L 11 KA 6/20 B

Land
Nordrhein-Westfalen
Sozialgericht
LSG Nordrhein-Westfalen
Sachgebiet
Vertragsarztangelegenheiten
Abteilung
11
1. Instanz
SG Düsseldorf (NRW)
Aktenzeichen
S 2 KA 178/18 ER
Datum
2. Instanz
LSG Nordrhein-Westfalen
Aktenzeichen
L 11 KA 6/20 B
Datum
3. Instanz
Bundessozialgericht
Aktenzeichen
-
Datum
-
Kategorie
Beschluss
Die Beschwerde der Antragsgegner gegen den Beschluss des Sozialgerichts Düsseldorf vom 10. Januar 2019 wird zurückgewiesen. Die Antragsgegner tragen die Kosten des Beschwerdeverfahrens als Gesamtschuldner.

Gründe:

I.

Die Antragsgegner zu 1) bis 3) wenden sich gegen einen Beschluss des Sozialgerichts (SG) Düsseldorf, mit welchem dieses den Rechtsweg zu den Sozialgerichten als zulässig angesehen hat.

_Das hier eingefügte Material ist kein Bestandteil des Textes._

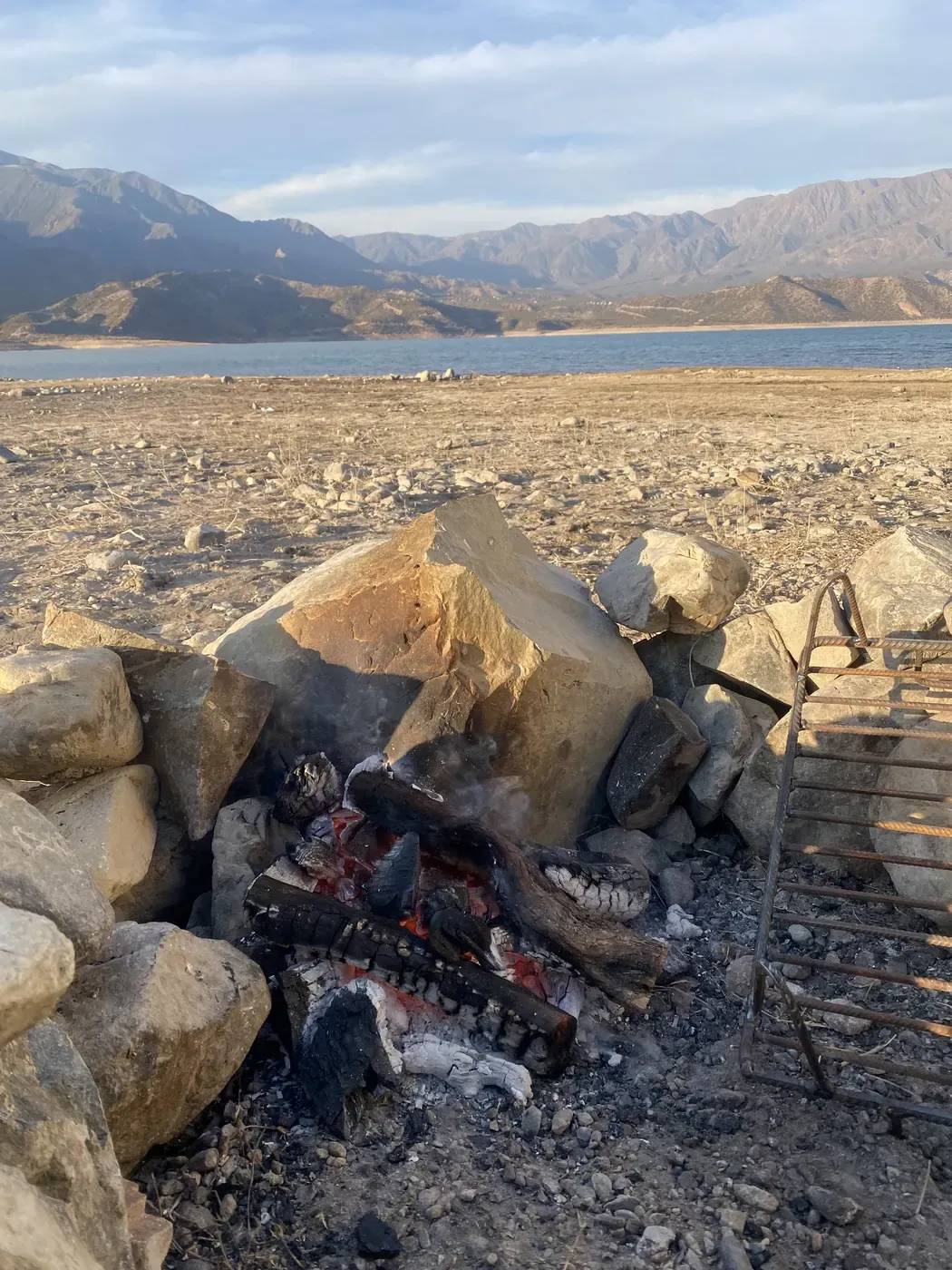 Fuego para el asado entre piedras junto al embalse de Potrerillos, con las montañas al fondo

Im zugrunde liegenden Eilverfahren begehrt die Antragstellerin, den Antragsgegnern im Wege der einstweiligen Anordnung zu untersagen, die Kennzeichnung "MVZ" in verschiedenen näher bezeichneten Gestaltungen zu benutzen bzw. benutzen zu lassen (Anträge zu 1. bis 3.), mit einem im Einzelnen beschriebenen Organigramm und der Darstellung von MVZ-Strukturen trotz fehlender Zulassung bzw. Zulassungsfähigkeit der darin aufgeführten Medizinischen Versorgungszentren (MVZ) zu werben und schließlich näher bezeichnete MVZ zu gründen, zu führen bzw. zu leiten (Anträge zu 5. und 6.).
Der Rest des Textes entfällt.